DATA EXTRACT:
______________________________
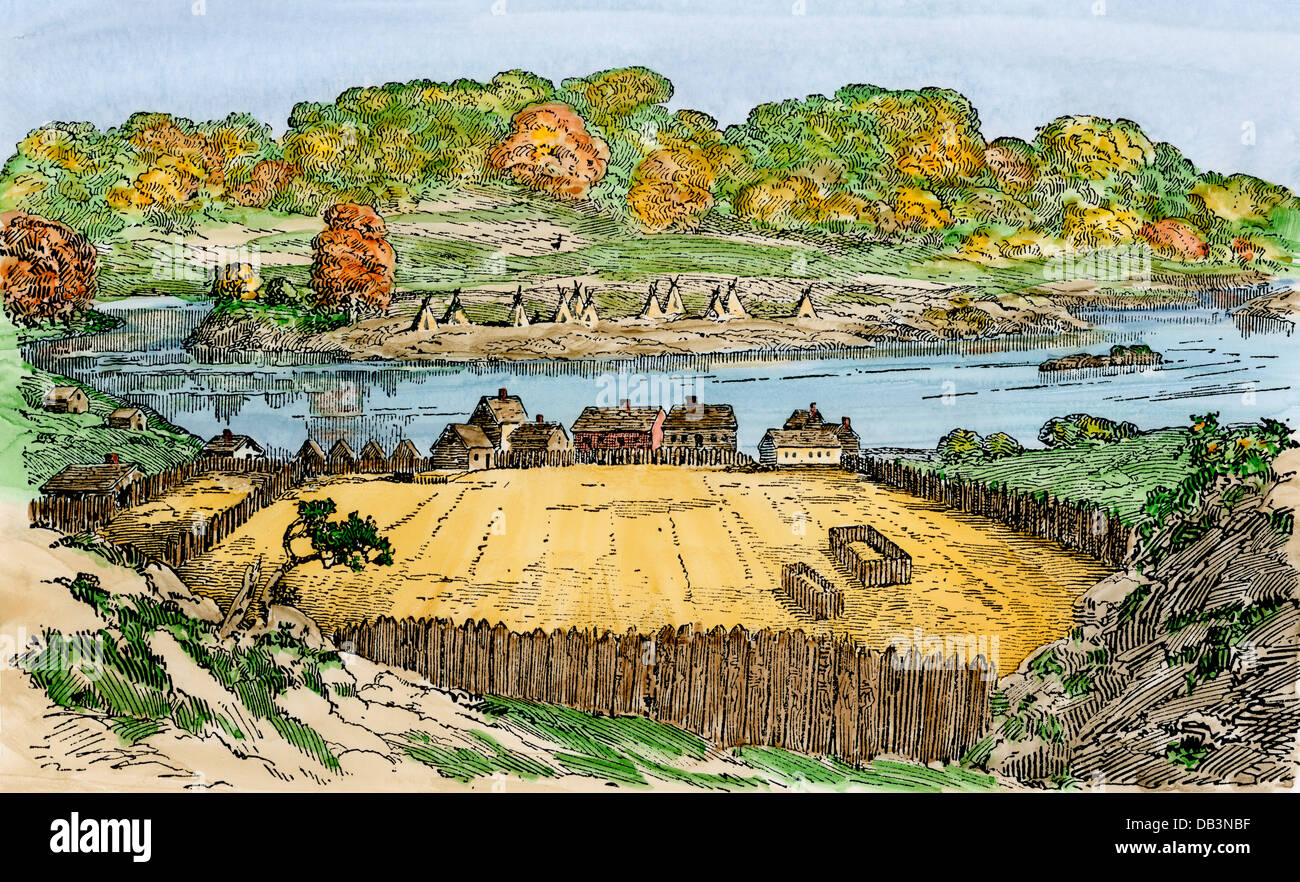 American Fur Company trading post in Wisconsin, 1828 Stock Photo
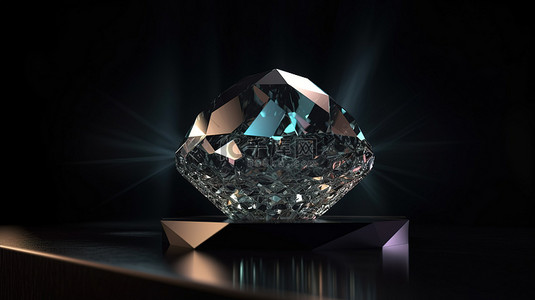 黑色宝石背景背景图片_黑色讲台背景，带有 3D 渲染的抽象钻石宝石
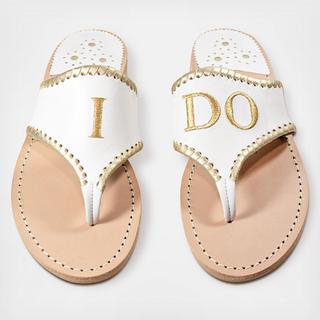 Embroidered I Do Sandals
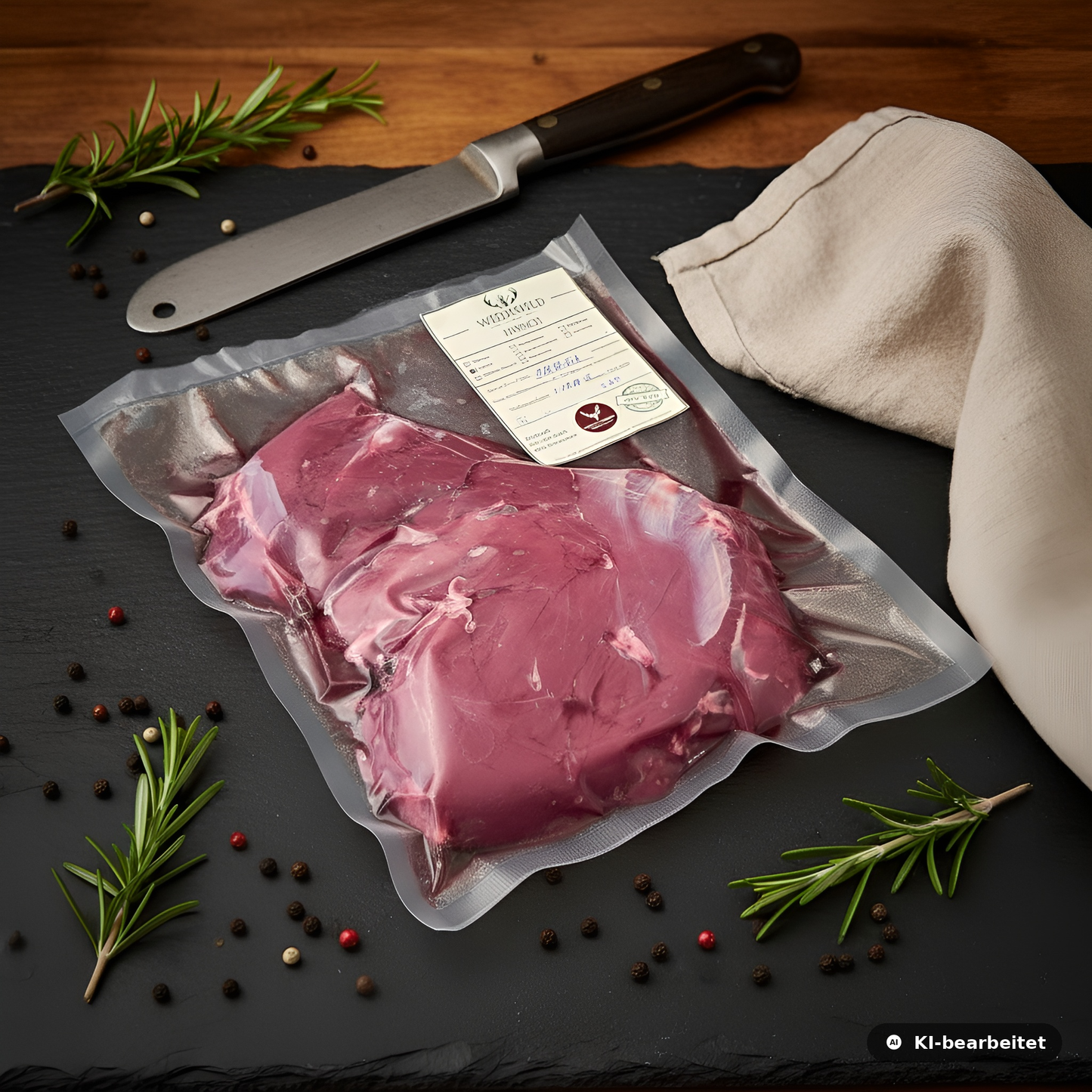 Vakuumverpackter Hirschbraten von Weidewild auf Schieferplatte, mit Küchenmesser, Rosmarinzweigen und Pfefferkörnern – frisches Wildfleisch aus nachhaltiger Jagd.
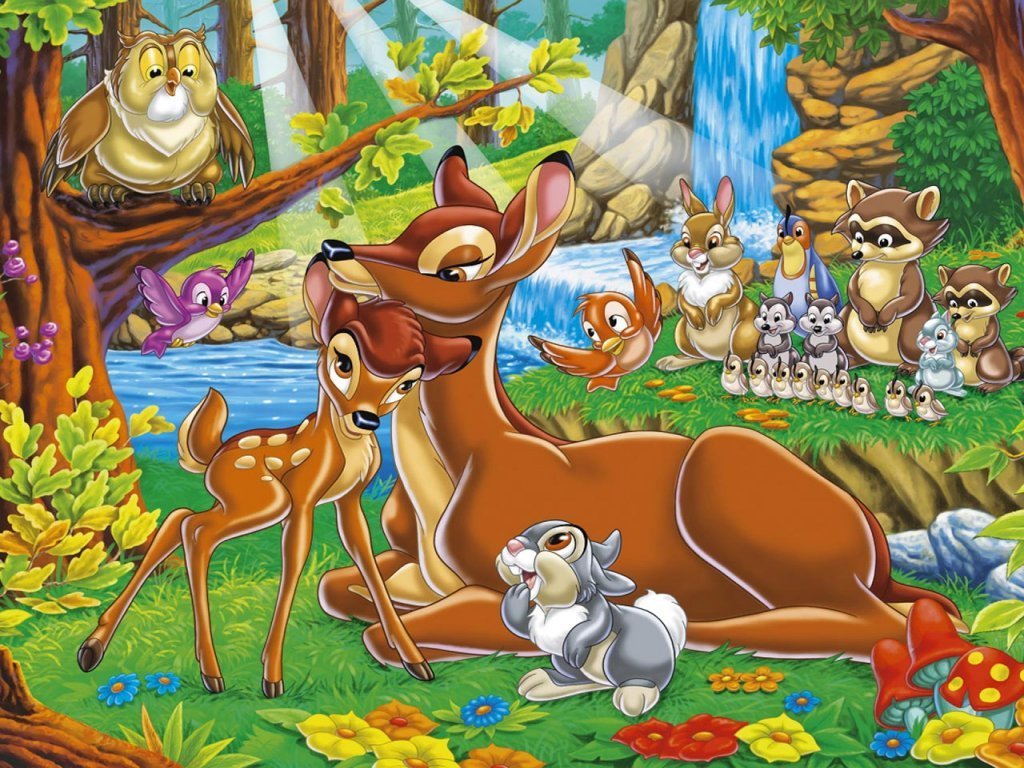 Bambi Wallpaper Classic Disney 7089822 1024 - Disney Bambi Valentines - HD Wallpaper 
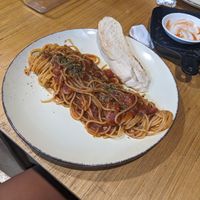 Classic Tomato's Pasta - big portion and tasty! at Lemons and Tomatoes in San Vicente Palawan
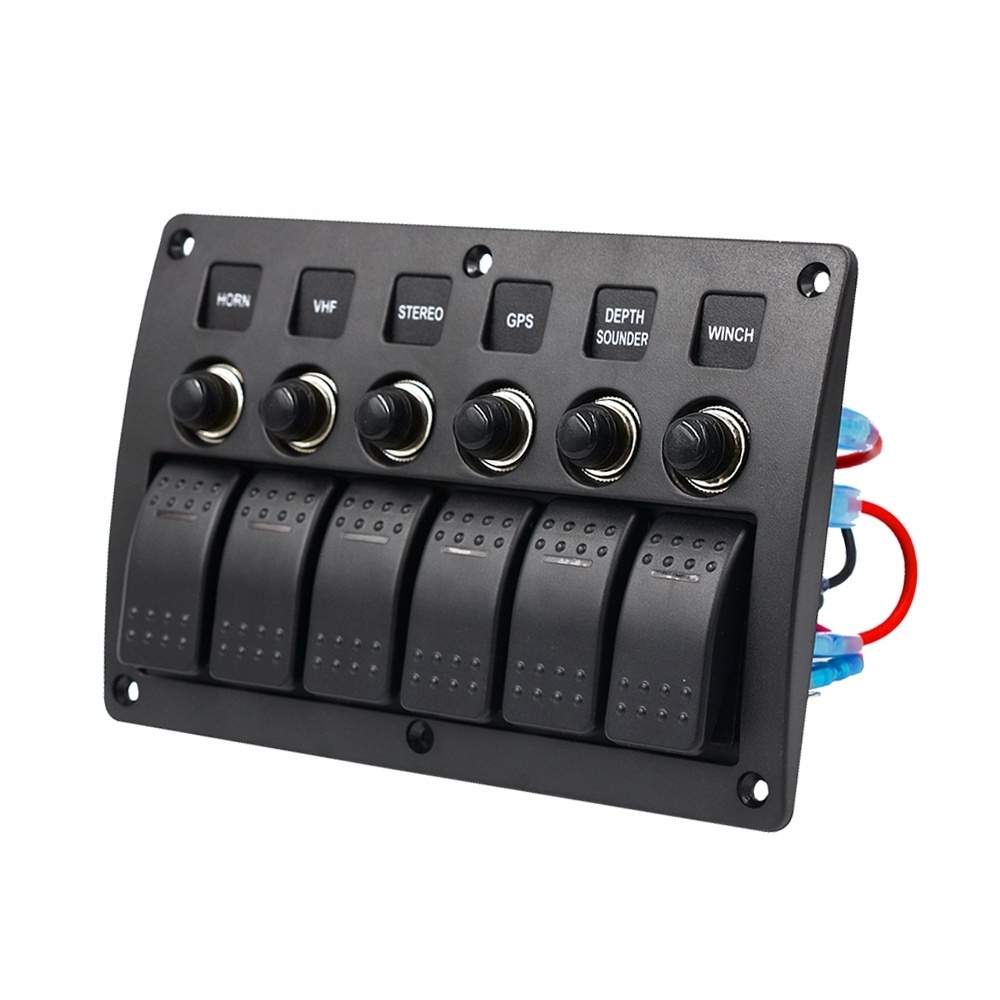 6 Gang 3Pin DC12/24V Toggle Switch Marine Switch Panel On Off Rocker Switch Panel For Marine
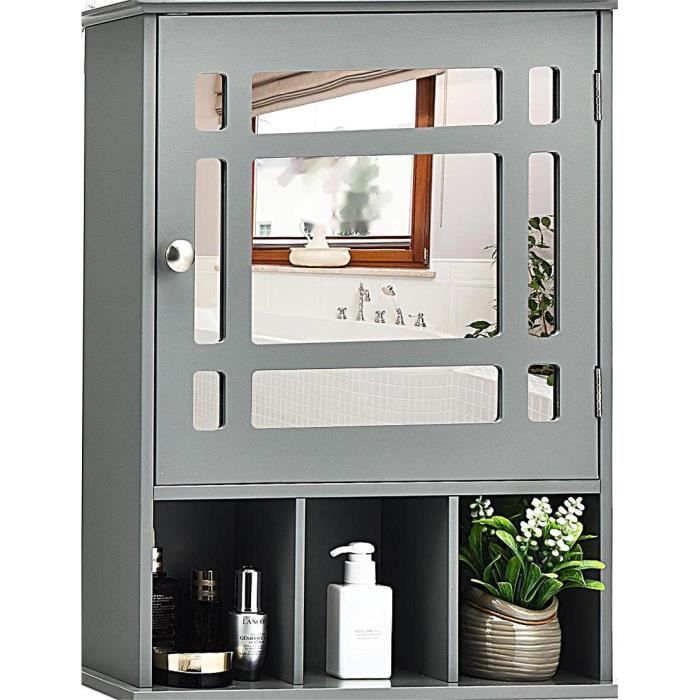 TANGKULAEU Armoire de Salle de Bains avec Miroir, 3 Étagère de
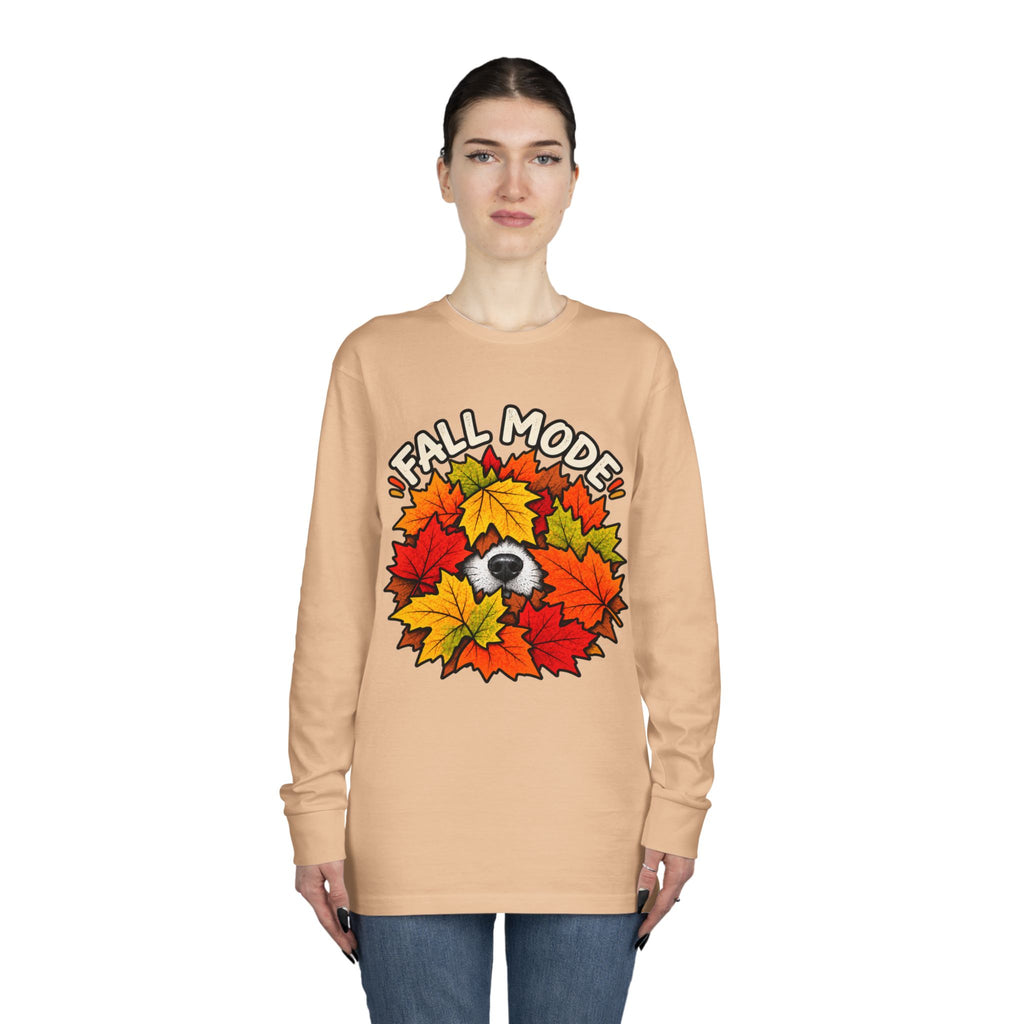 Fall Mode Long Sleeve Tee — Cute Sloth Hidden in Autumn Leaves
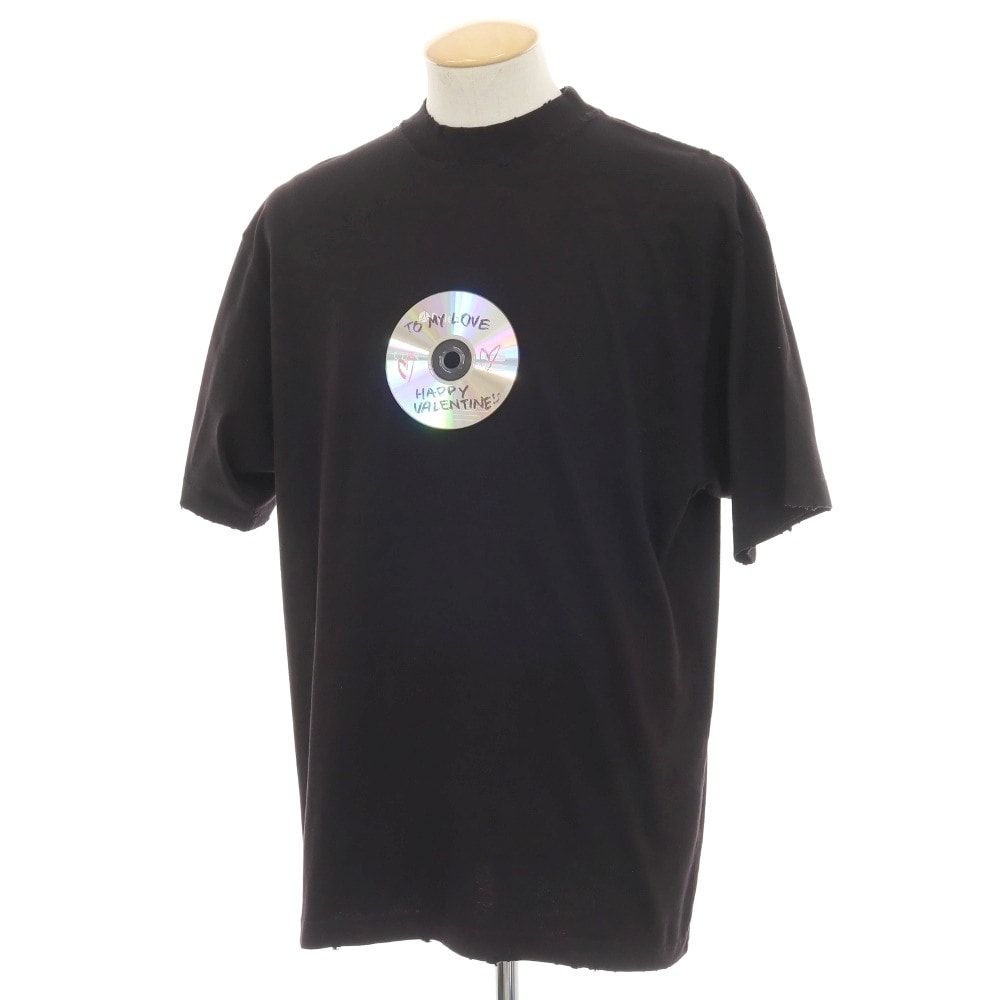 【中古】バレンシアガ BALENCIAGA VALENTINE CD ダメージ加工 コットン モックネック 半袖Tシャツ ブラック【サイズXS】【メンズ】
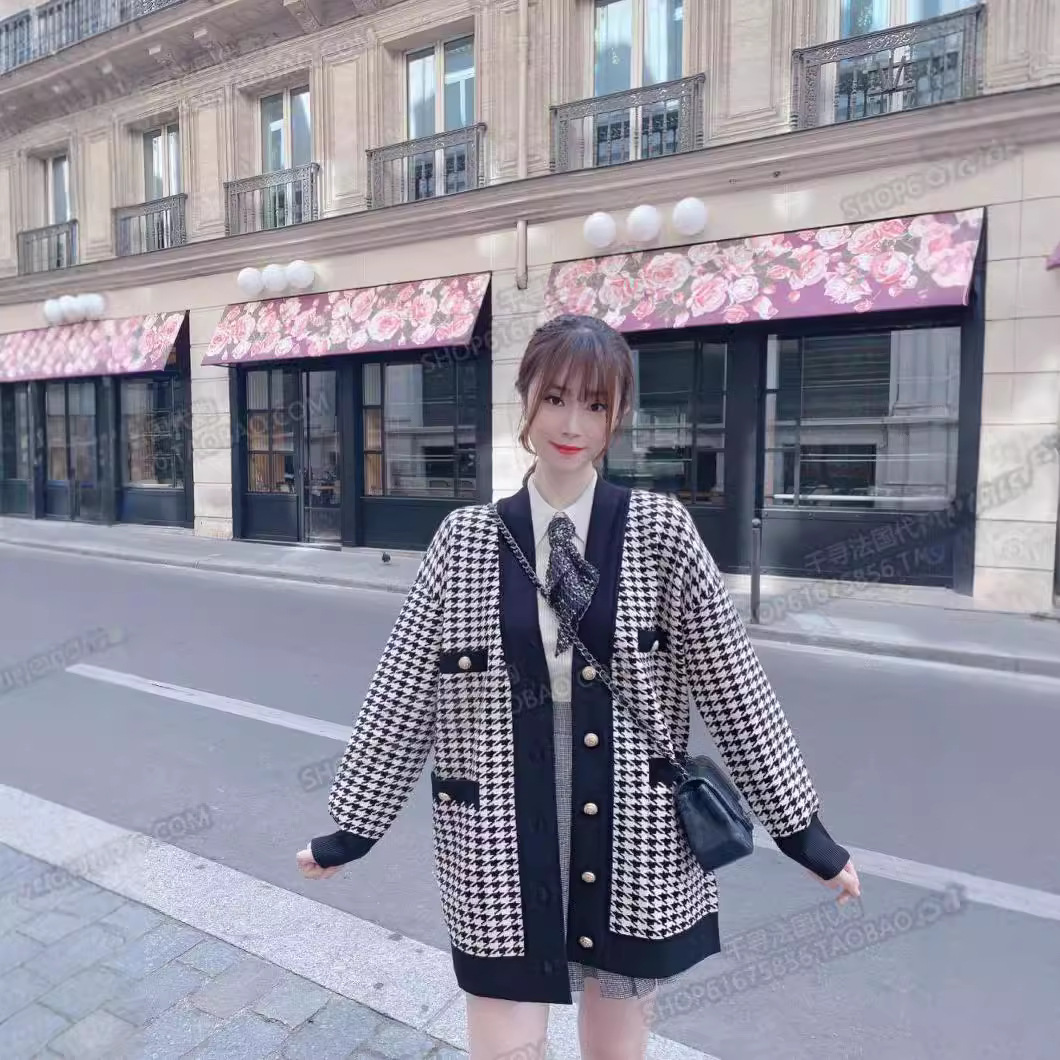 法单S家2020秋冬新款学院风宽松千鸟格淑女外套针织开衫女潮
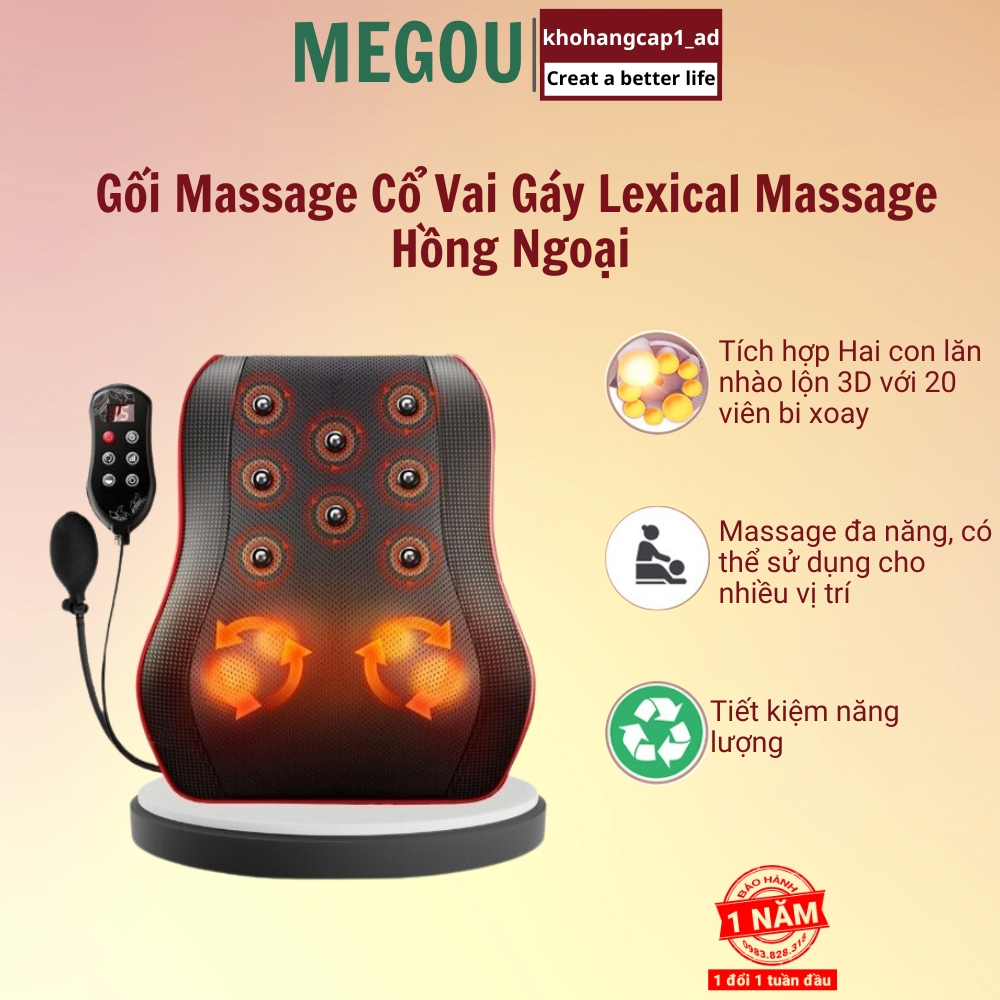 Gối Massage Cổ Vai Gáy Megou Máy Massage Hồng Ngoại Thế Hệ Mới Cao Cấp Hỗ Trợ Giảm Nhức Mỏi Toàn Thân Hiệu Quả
______________________________
EXERCISE INSTRUCTIONS:
Retype the line containing "6 Gang 3Pin" and each line after it through the last line of the entries above, exactly, with no pictures and nothing else.

RESPONSE FOR THIS EXERCISE:
 6 Gang 3Pin DC12/24V Toggle Switch Marine Switch Panel On Off Rocker Switch Panel For Marine
 TANGKULAEU Armoire de Salle de Bains avec Miroir, 3 Étagère de
 Fall Mode Long Sleeve Tee — Cute Sloth Hidden in Autumn Leaves
 【中古】バレンシアガ BALENCIAGA VALENTINE CD ダメージ加工 コットン モックネック 半袖Tシャツ ブラック【サイズXS】【メンズ】
 法单S家2020秋冬新款学院风宽松千鸟格淑女外套针织开衫女潮
 Gối Massage Cổ Vai Gáy Megou Máy Massage Hồng Ngoại Thế Hệ Mới Cao Cấp Hỗ Trợ Giảm Nhức Mỏi Toàn Thân Hiệu Quả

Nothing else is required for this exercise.